Ихтис - страница 51

Шрифт
Интервал


– Тогда я сам возьму, – перебил Степан.

– Возьмешь, коли на то Божья воля будет. А пока не помышляй, Степушка. Не думай даже! Забудь! Понял?

– Понял…

– А коли понял, то иди себе с миром.

– Благодарю за исцеление, – Степан отвесил поясной поклон и вышел на улицу.

Ветер налетел, встрепал волосы, огладил бороду сырой ладонью. Степан оглядел двор и заметил хлопочущую под клеенчатым навесом Маланью.

– А ну, девка, подь сюды!

Женщина вздрогнула, обернулась, тут же бросила засолку и подбежала, комкая рушник.

– За Акулиной моей проследи, – велел Степан. – Как совсем поправится – веди домой. Нечего ей у Захара прохлаждаться.

– Сделаю, батюшка игумен! – она поклонилась, а Степан отступил на случай, если и теперь неуклюжая баба что-нибудь просыплет на его любимые сапоги. Он не попрощался, молча вышел за калитку, и гравий снова захрустел под ногами – шух-шух.

Будто по костям идешь.

Степану хотелось, чтобы это были кости Кирюхи Рудакова. А еще, пожалуй, рябого Лукича. И бабки Матрены, привечающей чужаков. Остальные молчали. Или делали вид, что молчали, и кланялись Степану при встрече, а он чуял страх – прозрачный и липкий, тянущийся от избы к избе, сетью раскинутый над деревней от Троицкой церкви до церкви Окаянной. И он, Степан, тянул за каждую из нитей, потому что знал человеческую природу – гнилую и лживую, которую не исцелить никаким Словом, а можно только задавить или умертвить.
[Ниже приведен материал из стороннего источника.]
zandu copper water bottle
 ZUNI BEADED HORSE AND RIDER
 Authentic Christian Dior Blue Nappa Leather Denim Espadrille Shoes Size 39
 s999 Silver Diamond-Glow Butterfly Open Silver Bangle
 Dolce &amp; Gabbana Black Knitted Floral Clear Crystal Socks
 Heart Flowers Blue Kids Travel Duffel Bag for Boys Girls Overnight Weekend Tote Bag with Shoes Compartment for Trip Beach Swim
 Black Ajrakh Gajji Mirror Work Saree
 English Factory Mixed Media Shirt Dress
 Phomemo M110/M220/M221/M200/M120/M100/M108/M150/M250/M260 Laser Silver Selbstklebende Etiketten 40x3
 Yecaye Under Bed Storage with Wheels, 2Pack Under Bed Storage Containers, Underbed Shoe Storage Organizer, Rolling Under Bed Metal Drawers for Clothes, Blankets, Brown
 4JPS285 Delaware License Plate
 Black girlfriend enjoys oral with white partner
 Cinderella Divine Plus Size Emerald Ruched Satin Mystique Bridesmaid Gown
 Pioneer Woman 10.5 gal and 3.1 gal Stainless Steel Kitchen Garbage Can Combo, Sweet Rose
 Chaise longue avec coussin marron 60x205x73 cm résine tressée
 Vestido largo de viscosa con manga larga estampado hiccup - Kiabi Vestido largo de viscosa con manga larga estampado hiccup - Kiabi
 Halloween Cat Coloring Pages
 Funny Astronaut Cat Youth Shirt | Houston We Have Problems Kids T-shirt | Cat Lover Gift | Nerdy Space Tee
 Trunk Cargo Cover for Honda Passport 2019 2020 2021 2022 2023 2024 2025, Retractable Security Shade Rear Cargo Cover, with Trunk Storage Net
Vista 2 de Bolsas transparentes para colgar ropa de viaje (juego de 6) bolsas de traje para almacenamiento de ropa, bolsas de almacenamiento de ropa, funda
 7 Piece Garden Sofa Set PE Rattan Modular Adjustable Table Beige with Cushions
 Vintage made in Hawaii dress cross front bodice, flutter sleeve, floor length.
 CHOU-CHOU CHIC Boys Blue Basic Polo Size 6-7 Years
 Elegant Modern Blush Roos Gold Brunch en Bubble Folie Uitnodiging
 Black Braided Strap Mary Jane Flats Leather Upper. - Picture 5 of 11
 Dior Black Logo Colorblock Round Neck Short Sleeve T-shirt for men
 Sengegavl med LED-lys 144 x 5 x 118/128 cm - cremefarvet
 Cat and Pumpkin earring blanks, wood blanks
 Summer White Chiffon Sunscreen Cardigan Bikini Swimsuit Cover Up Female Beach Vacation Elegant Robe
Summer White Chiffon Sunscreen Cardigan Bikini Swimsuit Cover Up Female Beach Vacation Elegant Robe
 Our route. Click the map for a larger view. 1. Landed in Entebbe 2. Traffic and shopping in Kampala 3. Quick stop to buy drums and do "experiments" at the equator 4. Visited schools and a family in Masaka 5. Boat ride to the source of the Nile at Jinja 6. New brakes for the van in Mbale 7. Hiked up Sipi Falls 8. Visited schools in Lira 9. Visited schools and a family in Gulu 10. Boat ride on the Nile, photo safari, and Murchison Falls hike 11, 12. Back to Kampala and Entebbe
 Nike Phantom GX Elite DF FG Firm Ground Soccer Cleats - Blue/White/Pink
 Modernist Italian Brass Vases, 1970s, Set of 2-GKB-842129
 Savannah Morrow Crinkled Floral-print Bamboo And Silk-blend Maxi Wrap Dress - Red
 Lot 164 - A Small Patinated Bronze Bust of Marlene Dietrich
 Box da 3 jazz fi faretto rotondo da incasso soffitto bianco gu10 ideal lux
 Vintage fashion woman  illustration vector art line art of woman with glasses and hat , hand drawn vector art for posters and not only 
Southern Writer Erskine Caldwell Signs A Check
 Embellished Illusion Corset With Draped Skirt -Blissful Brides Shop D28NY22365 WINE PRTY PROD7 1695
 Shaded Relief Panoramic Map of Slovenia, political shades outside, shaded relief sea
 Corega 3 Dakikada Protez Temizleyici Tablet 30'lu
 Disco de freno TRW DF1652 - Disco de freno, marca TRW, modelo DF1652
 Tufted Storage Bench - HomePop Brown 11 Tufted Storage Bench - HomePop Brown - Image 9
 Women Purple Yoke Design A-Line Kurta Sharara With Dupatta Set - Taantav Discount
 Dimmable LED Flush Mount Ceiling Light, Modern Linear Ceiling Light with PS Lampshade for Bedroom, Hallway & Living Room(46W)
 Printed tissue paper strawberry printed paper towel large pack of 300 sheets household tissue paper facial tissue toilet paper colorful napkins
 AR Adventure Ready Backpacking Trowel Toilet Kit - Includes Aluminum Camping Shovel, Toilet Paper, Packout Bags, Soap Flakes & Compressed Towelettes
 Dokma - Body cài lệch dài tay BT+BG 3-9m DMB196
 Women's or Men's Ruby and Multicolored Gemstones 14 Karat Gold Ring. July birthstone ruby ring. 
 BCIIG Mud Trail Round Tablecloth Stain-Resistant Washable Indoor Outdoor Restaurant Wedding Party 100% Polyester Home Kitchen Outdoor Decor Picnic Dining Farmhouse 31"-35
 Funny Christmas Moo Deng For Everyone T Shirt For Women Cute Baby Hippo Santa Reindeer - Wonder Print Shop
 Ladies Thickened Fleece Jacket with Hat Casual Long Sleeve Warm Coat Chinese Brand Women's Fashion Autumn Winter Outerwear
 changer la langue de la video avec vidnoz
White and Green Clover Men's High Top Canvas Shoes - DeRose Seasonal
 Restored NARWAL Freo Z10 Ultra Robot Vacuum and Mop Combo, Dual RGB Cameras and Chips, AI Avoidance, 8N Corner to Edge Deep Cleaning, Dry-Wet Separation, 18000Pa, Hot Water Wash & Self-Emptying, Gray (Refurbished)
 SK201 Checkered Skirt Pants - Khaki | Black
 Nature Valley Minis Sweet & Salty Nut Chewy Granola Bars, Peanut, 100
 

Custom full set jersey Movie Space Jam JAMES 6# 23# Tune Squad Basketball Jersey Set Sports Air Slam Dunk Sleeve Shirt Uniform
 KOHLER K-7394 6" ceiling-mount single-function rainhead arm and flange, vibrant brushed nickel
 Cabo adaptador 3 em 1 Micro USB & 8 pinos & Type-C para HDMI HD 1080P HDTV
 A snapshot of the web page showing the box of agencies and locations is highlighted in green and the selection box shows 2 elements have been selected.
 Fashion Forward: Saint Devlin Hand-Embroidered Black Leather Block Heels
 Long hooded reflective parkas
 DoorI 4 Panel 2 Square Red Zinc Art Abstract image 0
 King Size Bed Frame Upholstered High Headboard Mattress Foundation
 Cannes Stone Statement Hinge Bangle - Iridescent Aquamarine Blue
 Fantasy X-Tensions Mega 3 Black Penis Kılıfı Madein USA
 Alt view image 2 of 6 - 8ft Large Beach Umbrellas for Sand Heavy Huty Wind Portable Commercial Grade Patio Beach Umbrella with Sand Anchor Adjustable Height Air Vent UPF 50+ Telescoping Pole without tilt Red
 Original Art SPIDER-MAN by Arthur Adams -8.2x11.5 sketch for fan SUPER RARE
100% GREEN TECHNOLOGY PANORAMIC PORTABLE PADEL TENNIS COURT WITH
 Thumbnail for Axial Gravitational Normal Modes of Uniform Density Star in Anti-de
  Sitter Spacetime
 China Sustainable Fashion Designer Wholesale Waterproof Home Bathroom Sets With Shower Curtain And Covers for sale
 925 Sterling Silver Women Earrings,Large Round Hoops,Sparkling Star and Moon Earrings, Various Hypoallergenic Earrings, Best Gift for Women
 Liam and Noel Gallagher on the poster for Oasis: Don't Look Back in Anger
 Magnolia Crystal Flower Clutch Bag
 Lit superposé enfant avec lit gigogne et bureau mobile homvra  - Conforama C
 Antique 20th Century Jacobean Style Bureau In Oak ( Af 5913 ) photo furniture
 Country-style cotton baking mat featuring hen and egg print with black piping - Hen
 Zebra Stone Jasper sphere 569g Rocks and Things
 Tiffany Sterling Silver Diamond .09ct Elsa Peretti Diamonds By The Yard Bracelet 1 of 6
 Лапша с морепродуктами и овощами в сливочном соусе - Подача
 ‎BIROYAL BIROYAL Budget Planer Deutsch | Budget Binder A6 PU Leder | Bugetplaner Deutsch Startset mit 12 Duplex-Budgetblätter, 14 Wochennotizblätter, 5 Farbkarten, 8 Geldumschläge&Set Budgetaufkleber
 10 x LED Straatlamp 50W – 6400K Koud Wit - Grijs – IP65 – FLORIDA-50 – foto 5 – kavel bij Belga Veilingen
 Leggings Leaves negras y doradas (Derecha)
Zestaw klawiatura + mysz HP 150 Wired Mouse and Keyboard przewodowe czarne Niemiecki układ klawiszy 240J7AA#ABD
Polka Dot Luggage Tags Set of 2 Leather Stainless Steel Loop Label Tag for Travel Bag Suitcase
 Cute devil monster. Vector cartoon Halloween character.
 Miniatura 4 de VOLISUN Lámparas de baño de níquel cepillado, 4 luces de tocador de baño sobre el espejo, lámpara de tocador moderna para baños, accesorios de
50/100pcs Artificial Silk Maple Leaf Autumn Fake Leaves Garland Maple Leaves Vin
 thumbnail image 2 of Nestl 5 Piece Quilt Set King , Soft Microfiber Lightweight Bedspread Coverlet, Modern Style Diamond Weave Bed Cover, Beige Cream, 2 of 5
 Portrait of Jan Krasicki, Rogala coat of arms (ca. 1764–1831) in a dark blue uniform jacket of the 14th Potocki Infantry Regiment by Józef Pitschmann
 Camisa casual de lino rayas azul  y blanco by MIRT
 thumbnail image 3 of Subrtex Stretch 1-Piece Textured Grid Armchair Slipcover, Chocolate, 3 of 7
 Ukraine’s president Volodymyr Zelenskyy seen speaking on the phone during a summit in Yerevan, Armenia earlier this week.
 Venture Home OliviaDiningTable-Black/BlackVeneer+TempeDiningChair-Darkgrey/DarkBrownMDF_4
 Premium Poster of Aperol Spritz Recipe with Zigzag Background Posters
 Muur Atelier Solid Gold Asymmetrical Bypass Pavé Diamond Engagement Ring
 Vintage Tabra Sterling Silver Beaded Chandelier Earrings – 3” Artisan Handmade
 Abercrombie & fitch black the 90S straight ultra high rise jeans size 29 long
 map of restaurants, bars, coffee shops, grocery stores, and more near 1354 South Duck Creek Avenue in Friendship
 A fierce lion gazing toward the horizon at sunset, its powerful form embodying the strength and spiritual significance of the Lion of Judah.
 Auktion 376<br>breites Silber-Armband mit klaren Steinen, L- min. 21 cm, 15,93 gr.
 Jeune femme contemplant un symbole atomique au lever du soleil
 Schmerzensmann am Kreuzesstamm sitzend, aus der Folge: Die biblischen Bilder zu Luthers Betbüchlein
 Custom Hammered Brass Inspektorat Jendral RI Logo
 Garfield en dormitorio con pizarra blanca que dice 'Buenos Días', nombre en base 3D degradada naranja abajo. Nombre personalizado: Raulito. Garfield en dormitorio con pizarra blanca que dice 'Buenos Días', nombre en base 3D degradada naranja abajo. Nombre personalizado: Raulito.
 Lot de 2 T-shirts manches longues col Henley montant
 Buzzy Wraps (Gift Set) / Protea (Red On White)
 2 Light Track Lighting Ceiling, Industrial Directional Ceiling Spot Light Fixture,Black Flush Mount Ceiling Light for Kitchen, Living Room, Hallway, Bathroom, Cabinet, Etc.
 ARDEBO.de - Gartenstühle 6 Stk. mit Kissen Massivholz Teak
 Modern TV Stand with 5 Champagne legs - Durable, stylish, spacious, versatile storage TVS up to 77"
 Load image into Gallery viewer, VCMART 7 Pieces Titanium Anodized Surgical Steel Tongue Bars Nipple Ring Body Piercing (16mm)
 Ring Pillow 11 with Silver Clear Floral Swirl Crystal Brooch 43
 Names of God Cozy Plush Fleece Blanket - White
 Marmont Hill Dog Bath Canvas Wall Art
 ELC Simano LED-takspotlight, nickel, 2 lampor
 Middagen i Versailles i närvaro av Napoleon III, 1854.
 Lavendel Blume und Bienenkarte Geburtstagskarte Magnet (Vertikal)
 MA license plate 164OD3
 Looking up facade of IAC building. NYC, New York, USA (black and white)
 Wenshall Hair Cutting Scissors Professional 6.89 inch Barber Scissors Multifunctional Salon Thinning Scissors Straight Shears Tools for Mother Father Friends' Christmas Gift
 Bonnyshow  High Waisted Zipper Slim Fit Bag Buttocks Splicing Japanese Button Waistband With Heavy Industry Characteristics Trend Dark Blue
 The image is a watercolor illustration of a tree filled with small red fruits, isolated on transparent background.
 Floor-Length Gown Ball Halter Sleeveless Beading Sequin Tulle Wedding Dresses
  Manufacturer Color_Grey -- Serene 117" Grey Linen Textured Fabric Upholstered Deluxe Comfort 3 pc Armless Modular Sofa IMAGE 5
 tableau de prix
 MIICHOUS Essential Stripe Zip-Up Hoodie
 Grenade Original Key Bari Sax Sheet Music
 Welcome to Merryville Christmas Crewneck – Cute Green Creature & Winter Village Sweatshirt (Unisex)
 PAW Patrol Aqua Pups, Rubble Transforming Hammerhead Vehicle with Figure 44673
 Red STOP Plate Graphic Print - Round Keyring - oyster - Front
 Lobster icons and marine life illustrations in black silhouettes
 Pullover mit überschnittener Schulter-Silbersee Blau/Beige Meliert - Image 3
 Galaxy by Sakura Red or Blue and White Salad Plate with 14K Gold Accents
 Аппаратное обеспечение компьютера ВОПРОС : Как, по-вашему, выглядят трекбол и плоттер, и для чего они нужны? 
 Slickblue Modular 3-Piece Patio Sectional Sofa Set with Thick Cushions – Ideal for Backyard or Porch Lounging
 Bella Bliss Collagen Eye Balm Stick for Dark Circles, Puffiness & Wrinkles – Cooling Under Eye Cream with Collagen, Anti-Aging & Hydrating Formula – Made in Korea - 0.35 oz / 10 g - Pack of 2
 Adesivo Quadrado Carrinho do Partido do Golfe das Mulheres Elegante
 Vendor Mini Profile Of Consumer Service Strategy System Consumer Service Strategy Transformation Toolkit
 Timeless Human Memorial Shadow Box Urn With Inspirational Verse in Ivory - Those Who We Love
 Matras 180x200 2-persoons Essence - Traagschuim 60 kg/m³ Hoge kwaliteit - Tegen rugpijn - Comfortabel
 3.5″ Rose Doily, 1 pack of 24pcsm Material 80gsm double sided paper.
Восток серел, по небу текла вечерняя мгла. Лес полнился призрачным шепотком. Степан поднялся по скрипучим порожкам к дому, рывком распахнул дверь:

– Ульянка!

Жена выбежала по первому зову – в темном сарафане, с прибранными под повойник волосами. Ее мышиное лицо, в полумраке похожее на вечно испуганное лицо Маланьи, сморщилось, будто Ульяна хотела чихнуть. Зато глаза – два бледно-голубых фарфоровых блюдца – стали еще больше и тревожнее.

– С возвращением, Степушка, – жена поклонилась, а он выставил вперед правую ногу и спросил:

– Готов обед?

– Готов, Степушка, – покладисто ответила Ульяна, стаскивая с мужа сначала правый сапог, потом левый, приняла от него спецовку. Степан сполоснул руки и прошел за стол, накрытый скатертью с красным круговым узором по краям. Ульяна поставила перед ним тушеную капусту и расстегаи. Степан склонил голову на скрещенные пальцы, делая вид, что молится, хотя голова полнилась жаром и звоном, слова на ум не шли, и он только беззвучно и фальшиво шевелил губами, искоса поглядывая в окно, откуда открывался вид на реку – широкую ленту, столь же безжизненную и серую, как ее близнец-небо.